The fate of Bill Cosby’s criminal case will likely hinge on a judge’s decision on whether a non-prosecution agreement is enforceable. A Montgomery County judge issued an order Friday — limiting what can be heard at Mr. Cosby’s Feb. 2 hearing. Instead of the scheduled preliminary hearing, Judge Stephen T. O’Neill will only allow attorneys to argue about this alleged 2005 non-prosecution agreement.
This issue is critical for prosecutors to move forward with the case. Bill Cosby’s attorneys contend that the comedian entered in an agreement in 2005 with then Montgomery County District Attorney Bruce Castor that he would not prosecute case. Castor indicated, in an email, he did this to help Andrew Constand in her civil case against Cosby. Constand said that Cosby drugged and sexually assaulted her at his Pennsylvania home back in 2004. Castor indicated that he did this to prevent Cosby from pleading the 5th Amendment during the civil deposition.
During the testimony, Cosby admitted to having sexual relations and drugging women (which he claimed was consensual). Cosby’s attorneys allege he would have opted to plead the 5th, if the possibility of criminal charges still existed.

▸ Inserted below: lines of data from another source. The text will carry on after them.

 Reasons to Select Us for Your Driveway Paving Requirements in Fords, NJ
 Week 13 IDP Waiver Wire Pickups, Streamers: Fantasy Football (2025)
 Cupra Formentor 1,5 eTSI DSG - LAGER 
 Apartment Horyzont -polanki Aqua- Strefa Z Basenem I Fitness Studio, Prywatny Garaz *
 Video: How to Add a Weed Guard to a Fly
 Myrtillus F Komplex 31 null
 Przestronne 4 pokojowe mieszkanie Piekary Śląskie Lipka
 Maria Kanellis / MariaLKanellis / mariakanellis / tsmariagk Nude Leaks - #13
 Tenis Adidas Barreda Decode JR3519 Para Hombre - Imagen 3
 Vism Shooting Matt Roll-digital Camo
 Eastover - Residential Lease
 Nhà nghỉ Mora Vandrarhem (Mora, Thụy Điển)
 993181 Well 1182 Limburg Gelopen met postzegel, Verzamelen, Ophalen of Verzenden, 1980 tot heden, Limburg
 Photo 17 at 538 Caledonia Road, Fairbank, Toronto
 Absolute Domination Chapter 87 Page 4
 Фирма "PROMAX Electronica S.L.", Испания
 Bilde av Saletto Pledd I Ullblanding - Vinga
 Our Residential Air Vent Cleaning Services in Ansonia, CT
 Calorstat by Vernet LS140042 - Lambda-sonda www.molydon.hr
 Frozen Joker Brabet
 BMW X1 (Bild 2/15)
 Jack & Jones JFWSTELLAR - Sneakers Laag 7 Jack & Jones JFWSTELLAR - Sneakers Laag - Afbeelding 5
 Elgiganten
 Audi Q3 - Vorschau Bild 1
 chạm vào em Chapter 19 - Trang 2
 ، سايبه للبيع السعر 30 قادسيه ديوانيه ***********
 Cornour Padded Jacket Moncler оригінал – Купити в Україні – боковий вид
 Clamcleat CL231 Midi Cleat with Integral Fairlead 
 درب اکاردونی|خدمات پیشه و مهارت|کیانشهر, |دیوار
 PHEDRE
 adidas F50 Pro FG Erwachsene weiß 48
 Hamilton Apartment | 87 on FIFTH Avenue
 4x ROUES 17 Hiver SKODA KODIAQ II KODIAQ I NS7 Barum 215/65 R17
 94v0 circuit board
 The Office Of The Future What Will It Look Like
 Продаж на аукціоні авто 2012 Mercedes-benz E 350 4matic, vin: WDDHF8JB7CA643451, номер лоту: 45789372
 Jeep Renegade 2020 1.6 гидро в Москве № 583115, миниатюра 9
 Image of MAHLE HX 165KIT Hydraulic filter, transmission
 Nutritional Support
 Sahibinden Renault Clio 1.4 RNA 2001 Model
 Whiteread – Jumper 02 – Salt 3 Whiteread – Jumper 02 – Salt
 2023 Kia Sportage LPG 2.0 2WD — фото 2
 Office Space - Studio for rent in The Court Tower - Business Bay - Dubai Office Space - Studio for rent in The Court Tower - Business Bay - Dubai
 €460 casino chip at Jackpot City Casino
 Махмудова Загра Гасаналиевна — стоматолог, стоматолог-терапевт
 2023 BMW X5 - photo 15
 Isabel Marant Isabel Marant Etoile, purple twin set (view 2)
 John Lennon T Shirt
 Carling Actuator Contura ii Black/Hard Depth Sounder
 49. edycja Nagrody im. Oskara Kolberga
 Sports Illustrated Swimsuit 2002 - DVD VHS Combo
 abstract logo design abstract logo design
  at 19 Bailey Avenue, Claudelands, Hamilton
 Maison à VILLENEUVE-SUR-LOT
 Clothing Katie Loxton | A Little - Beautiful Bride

Prosecutors want to be able to use this testimony in his criminal case. But, attorneys for Cosby filed a motion to dismiss the case, claiming that Cosby should not be prosecuted because of the existing agreement with the former DA. As we here at LawNewz.com predicted, evidence of this promise could derail the prosecution’s case
“The bottom line is if it’s true that Bruce Castor made a promise not to prosecute, then it should be binding on the new district attorney,” said Beth Karas, LawNewz.com’s Editor-at-Large. “If the court doesn’t dismiss the charges, then it should grant the defense request to disqualify the Montgomery County District Attorney and tell prosecutors they can’t use Cosby’s testimony from the civil proceeding or any leads derived from it.”
It is likely that Cosby’s defense attorneys will call former DA Castor to testify at some point. Prosecutors filed a motion saying that Cosby was trying to seek preferential treatment by seeking to have a hearing on a motion to dismiss before the preliminary hearing.